__Instructions for the task__.
The needed output is the run of lines below from the one containing "Elizabeth Locke Pair" through the one containing "Putzfrau mit Herz", copied exactly and free of pictures.

__Excerpted data__.
============
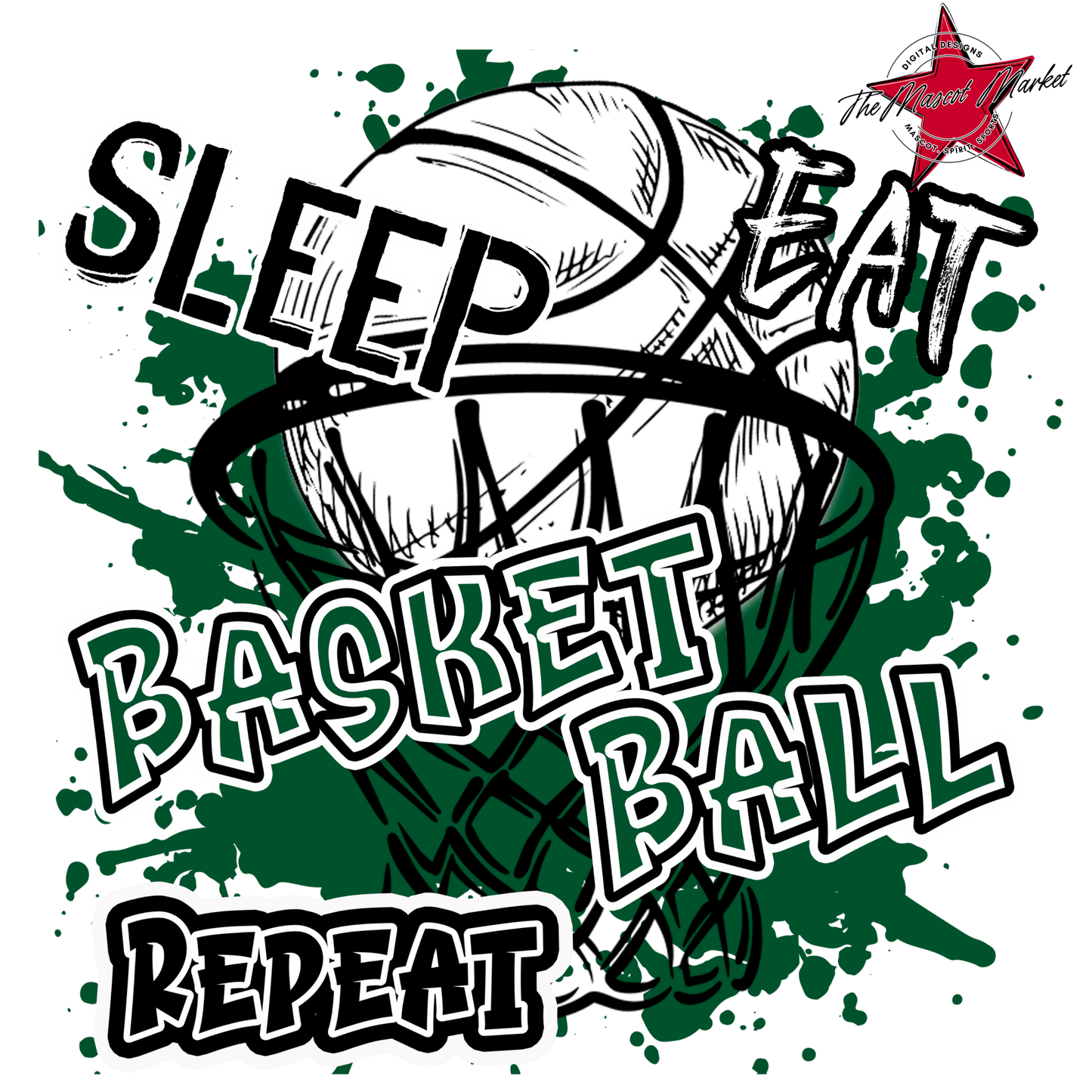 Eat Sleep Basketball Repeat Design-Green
============
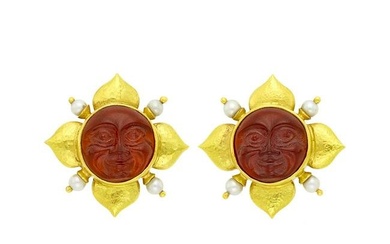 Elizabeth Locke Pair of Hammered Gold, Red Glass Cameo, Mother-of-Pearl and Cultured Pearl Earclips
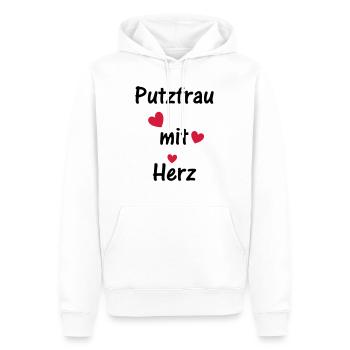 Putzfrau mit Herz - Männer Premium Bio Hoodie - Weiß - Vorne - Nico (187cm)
============
__Written response__.
 Elizabeth Locke Pair of Hammered Gold, Red Glass Cameo, Mother-of-Pearl and Cultured Pearl Earclips
 Putzfrau mit Herz - Männer Premium Bio Hoodie - Weiß - Vorne - Nico (187cm)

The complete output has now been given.